_TASK STATEMENT:_ Word for word, print all of the entries below.
───── EXTRACTED DATA
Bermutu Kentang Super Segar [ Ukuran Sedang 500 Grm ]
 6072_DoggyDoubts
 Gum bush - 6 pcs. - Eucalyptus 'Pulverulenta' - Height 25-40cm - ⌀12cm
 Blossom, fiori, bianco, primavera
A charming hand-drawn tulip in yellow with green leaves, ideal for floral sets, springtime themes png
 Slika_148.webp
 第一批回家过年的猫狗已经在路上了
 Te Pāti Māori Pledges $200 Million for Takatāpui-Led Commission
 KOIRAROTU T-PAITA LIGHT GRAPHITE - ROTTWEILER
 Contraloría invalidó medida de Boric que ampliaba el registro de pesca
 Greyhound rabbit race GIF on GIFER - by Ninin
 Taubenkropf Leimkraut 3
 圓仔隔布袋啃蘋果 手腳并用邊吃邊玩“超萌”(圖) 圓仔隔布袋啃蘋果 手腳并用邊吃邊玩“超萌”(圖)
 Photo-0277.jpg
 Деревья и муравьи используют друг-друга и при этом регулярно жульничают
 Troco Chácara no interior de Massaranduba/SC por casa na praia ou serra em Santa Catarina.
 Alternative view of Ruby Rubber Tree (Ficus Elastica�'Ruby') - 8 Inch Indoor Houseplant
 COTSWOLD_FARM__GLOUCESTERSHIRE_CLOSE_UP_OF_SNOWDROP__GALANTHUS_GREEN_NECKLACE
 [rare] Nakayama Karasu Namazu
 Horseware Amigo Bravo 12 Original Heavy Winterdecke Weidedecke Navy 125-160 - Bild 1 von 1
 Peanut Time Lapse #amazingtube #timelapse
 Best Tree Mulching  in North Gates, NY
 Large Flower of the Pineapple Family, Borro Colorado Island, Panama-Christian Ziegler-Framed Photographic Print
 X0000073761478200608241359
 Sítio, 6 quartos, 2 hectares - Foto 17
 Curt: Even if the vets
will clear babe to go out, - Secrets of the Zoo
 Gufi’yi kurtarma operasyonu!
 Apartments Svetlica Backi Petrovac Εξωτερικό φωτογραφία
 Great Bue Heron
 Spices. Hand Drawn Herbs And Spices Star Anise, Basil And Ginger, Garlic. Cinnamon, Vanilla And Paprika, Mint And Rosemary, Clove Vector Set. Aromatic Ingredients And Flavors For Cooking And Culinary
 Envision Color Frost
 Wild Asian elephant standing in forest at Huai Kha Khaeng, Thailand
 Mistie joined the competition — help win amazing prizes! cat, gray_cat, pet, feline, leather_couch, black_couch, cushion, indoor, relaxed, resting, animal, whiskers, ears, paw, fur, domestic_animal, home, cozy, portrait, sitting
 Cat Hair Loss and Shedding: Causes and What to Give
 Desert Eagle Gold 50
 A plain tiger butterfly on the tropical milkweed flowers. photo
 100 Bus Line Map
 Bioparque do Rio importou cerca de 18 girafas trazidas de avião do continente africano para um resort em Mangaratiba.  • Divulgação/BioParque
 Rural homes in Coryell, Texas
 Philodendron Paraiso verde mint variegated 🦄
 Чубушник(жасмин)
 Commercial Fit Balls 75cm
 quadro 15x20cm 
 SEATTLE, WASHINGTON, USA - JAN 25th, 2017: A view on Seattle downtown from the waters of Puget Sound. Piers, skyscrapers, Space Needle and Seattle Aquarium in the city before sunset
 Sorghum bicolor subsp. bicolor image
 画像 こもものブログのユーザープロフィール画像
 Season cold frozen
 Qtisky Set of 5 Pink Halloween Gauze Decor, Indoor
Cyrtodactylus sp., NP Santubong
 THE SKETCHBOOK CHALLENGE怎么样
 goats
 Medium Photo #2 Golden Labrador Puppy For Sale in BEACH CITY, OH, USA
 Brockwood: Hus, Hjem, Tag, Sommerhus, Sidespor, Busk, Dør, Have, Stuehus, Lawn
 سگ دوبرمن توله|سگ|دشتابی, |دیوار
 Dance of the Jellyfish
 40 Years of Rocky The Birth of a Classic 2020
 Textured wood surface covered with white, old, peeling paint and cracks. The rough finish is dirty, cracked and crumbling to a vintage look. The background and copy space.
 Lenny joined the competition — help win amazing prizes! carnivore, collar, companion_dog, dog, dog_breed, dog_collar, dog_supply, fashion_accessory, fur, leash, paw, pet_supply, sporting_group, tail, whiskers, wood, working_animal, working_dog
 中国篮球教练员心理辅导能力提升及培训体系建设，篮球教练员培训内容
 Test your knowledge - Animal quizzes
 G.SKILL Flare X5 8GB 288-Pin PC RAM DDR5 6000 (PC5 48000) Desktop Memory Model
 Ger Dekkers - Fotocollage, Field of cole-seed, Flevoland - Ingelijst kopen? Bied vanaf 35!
──────────
_WRITTEN RESPONSE:_
Bermutu Kentang Super Segar [ Ukuran Sedang 500 Grm ]
 6072_DoggyDoubts
 Gum bush - 6 pcs. - Eucalyptus 'Pulverulenta' - Height 25-40cm - ⌀12cm
 Blossom, fiori, bianco, primavera
A charming hand-drawn tulip in yellow with green leaves, ideal for floral sets, springtime themes png
 Slika_148.webp
 第一批回家过年的猫狗已经在路上了
 Te Pāti Māori Pledges $200 Million for Takatāpui-Led Commission
 KOIRAROTU T-PAITA LIGHT GRAPHITE - ROTTWEILER
 Contraloría invalidó medida de Boric que ampliaba el registro de pesca
 Greyhound rabbit race GIF on GIFER - by Ninin
 Taubenkropf Leimkraut 3
 圓仔隔布袋啃蘋果 手腳并用邊吃邊玩“超萌”(圖) 圓仔隔布袋啃蘋果 手腳并用邊吃邊玩“超萌”(圖)
 Photo-0277.jpg
 Деревья и муравьи используют друг-друга и при этом регулярно жульничают
 Troco Chácara no interior de Massaranduba/SC por casa na praia ou serra em Santa Catarina.
 Alternative view of Ruby Rubber Tree (Ficus Elastica�'Ruby') - 8 Inch Indoor Houseplant
 COTSWOLD_FARM__GLOUCESTERSHIRE_CLOSE_UP_OF_SNOWDROP__GALANTHUS_GREEN_NECKLACE
 [rare] Nakayama Karasu Namazu
 Horseware Amigo Bravo 12 Original Heavy Winterdecke Weidedecke Navy 125-160 - Bild 1 von 1
 Peanut Time Lapse #amazingtube #timelapse
 Best Tree Mulching  in North Gates, NY
 Large Flower of the Pineapple Family, Borro Colorado Island, Panama-Christian Ziegler-Framed Photographic Print
 X0000073761478200608241359
 Sítio, 6 quartos, 2 hectares - Foto 17
 Curt: Even if the vets
will clear babe to go out, - Secrets of the Zoo
 Gufi’yi kurtarma operasyonu!
 Apartments Svetlica Backi Petrovac Εξωτερικό φωτογραφία
 Great Bue Heron
 Spices. Hand Drawn Herbs And Spices Star Anise, Basil And Ginger, Garlic. Cinnamon, Vanilla And Paprika, Mint And Rosemary, Clove Vector Set. Aromatic Ingredients And Flavors For Cooking And Culinary
 Envision Color Frost
 Wild Asian elephant standing in forest at Huai Kha Khaeng, Thailand
 Mistie joined the competition — help win amazing prizes! cat, gray_cat, pet, feline, leather_couch, black_couch, cushion, indoor, relaxed, resting, animal, whiskers, ears, paw, fur, domestic_animal, home, cozy, portrait, sitting
 Cat Hair Loss and Shedding: Causes and What to Give
 Desert Eagle Gold 50
 A plain tiger butterfly on the tropical milkweed flowers. photo
 100 Bus Line Map
 Bioparque do Rio importou cerca de 18 girafas trazidas de avião do continente africano para um resort em Mangaratiba.  • Divulgação/BioParque
 Rural homes in Coryell, Texas
 Philodendron Paraiso verde mint variegated 🦄
 Чубушник(жасмин)
 Commercial Fit Balls 75cm
 quadro 15x20cm 
 SEATTLE, WASHINGTON, USA - JAN 25th, 2017: A view on Seattle downtown from the waters of Puget Sound. Piers, skyscrapers, Space Needle and Seattle Aquarium in the city before sunset
 Sorghum bicolor subsp. bicolor image
 画像 こもものブログのユーザープロフィール画像
 Season cold frozen
 Qtisky Set of 5 Pink Halloween Gauze Decor, Indoor
Cyrtodactylus sp., NP Santubong
 THE SKETCHBOOK CHALLENGE怎么样
 goats
 Medium Photo #2 Golden Labrador Puppy For Sale in BEACH CITY, OH, USA
 Brockwood: Hus, Hjem, Tag, Sommerhus, Sidespor, Busk, Dør, Have, Stuehus, Lawn
 سگ دوبرمن توله|سگ|دشتابی, |دیوار
 Dance of the Jellyfish
 40 Years of Rocky The Birth of a Classic 2020
 Textured wood surface covered with white, old, peeling paint and cracks. The rough finish is dirty, cracked and crumbling to a vintage look. The background and copy space.
 Lenny joined the competition — help win amazing prizes! carnivore, collar, companion_dog, dog, dog_breed, dog_collar, dog_supply, fashion_accessory, fur, leash, paw, pet_supply, sporting_group, tail, whiskers, wood, working_animal, working_dog
 中国篮球教练员心理辅导能力提升及培训体系建设，篮球教练员培训内容
 Test your knowledge - Animal quizzes
 G.SKILL Flare X5 8GB 288-Pin PC RAM DDR5 6000 (PC5 48000) Desktop Memory Model
 Ger Dekkers - Fotocollage, Field of cole-seed, Flevoland - Ingelijst kopen? Bied vanaf 35!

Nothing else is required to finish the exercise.